Washington, Feb 2 : Do you fancy walking up walls like the Spiderman -- the hero of millions? Technological advances have a way of catching up with our childhood fantasies, sooner or later.

A palm-sized device invented by Cornell University researchers that uses water surface tension as an adhesive bond, just might make such a dizzying feat possible.

The rapid adhesion mechanism could lead to such applications as shoes or gloves that stick and unstick to walls, or Post-it-like notes that can bear loads, says Paul Steen, who invented it.

Steen, professor of chemical and biomolecular engineering at Cornell, designed it with Michael Vogel, former postdoctoral associate.

The device is the result of inspiration drawn from a beetle native to Florida, which can adhere to a leaf with a force 100 times its own weight, yet also instantly detach itself.

The device consists of a flat plate patterned with holes, each a millionth of a metre. A bottom plate holds a liquid reservoir, and in the middle is another porous layer.

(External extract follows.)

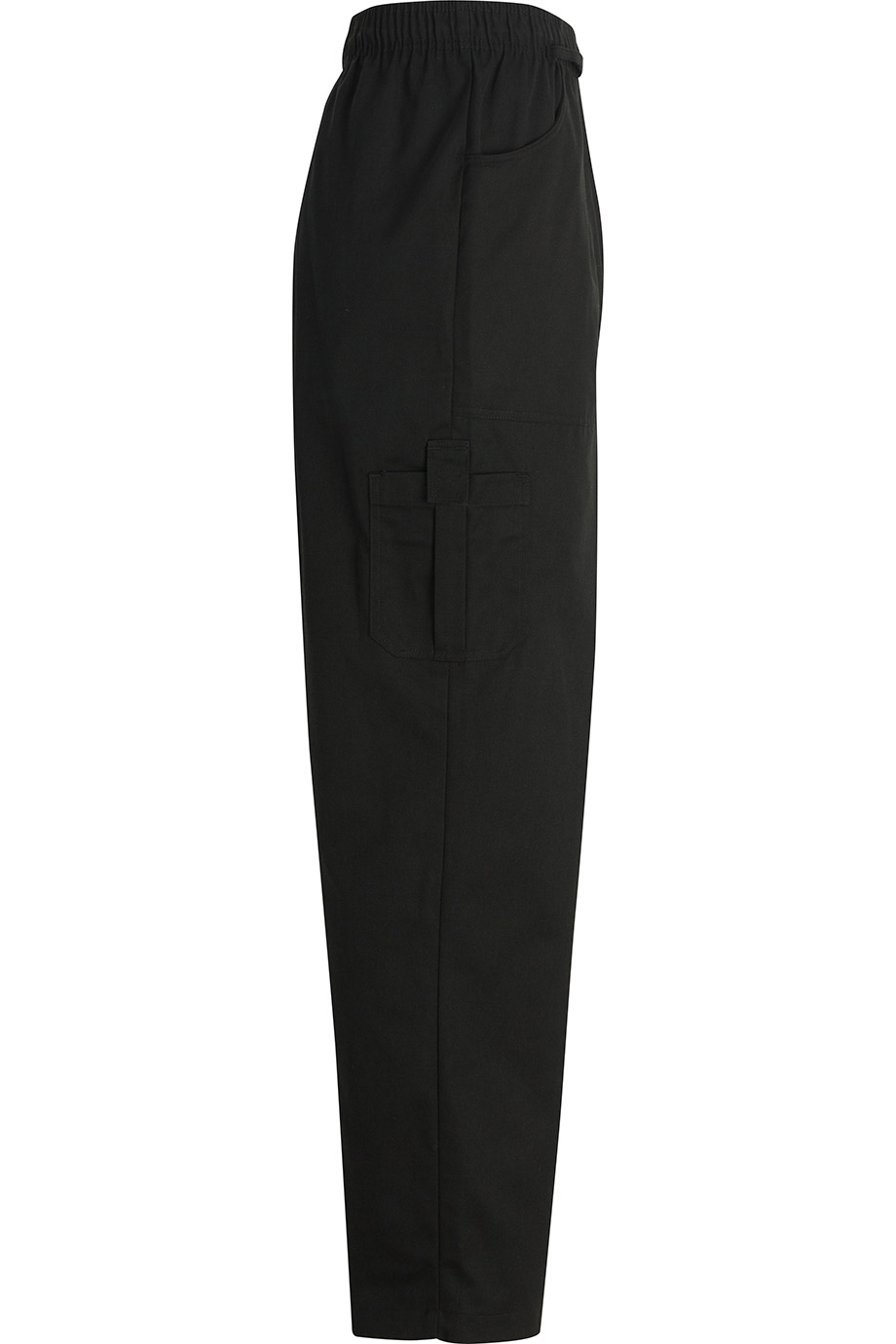 2003 Edwards UNISEX TRADITIONAL CARGO CHEF PANT - Siide Image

An electric field applied by a common nine-volt battery pumps water through the device and causes droplets to squeeze through the top layer.

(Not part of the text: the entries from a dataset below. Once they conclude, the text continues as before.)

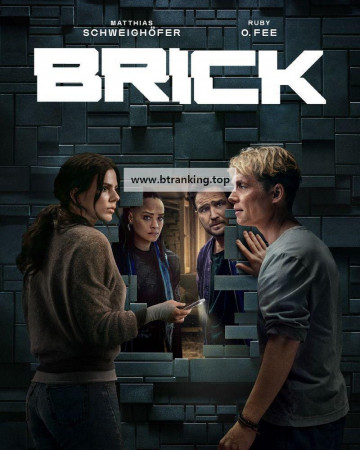 브릭 Brick (2025) [1080p] [WEBRip] [5.1] [YTS.MX]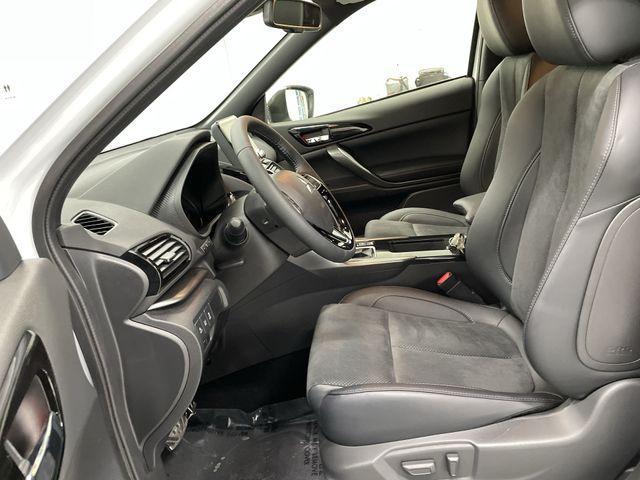 new 2025 Mitsubishi Eclipse Cross car, priced at $26,516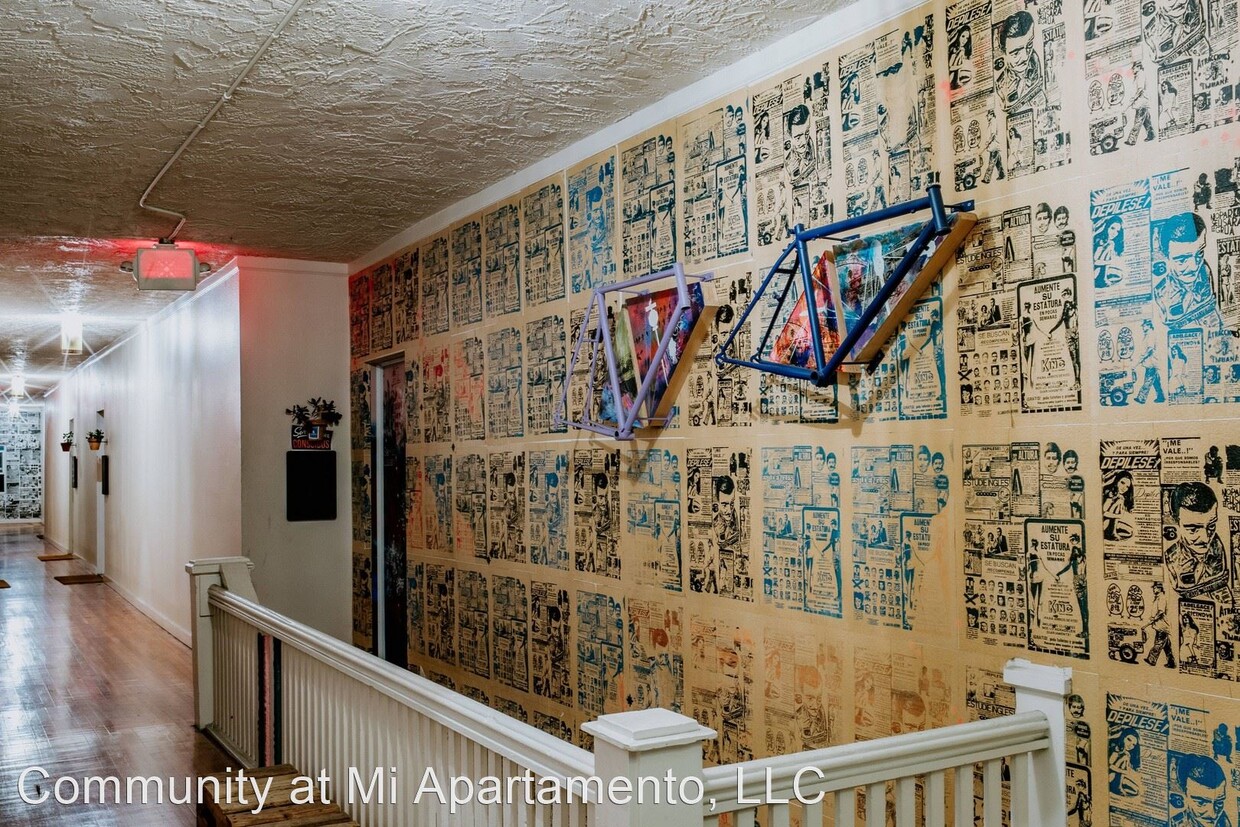 Primary Photo - 2605-2611 Logan Ave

The surface tension of the exposed droplets makes the device grip another surface - much the way two wet glass slides stick together.

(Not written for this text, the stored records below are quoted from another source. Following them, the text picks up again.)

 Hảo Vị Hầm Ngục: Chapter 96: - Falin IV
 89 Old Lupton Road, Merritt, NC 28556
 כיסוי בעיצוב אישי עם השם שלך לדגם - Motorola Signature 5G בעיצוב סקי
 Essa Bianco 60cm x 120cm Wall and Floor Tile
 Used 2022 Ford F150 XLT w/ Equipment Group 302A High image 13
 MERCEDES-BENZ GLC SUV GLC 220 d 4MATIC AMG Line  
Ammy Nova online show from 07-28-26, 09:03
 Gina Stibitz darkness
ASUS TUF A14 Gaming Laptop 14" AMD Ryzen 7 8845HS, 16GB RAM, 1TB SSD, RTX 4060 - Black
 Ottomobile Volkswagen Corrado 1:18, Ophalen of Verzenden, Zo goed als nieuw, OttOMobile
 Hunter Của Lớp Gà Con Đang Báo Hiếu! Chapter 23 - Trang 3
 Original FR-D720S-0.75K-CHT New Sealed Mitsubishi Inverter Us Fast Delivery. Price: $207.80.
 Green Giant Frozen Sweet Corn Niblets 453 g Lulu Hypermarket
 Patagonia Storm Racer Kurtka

"In our everyday experience, these forces are relatively weak," Steen said. "But if you make a lot of them and can control them, like the beetle does, you can get strong adhesion forces."

For example, one of the researchers' prototypes was made with about 1,000 300-micron-sized holes, and it can hold about 30 grams - more than 70 paper clips.

They found that as they scaled down the holes and packed more of them onto the device, the adhesion got stronger. They estimate, then, that a one-square-inch device with millions of 1-micron-sized holes could hold more than 15 pounds.

To turn the adhesion off, the electric field is simply reversed, and the water is pulled back through the pores, breaking the tiny "bridges" created between the device and the other surface by the individual droplets, said a Cornell release.

One of the biggest challenges in making these devices work, Steen said, was keeping the droplets from coalescing, as water droplets tend to do when they get close together. To solve this, they designed their pump to resist water flow while it's turned off.

These findings were published Monday online edition of the Proceedings of the National Academy of Sciences.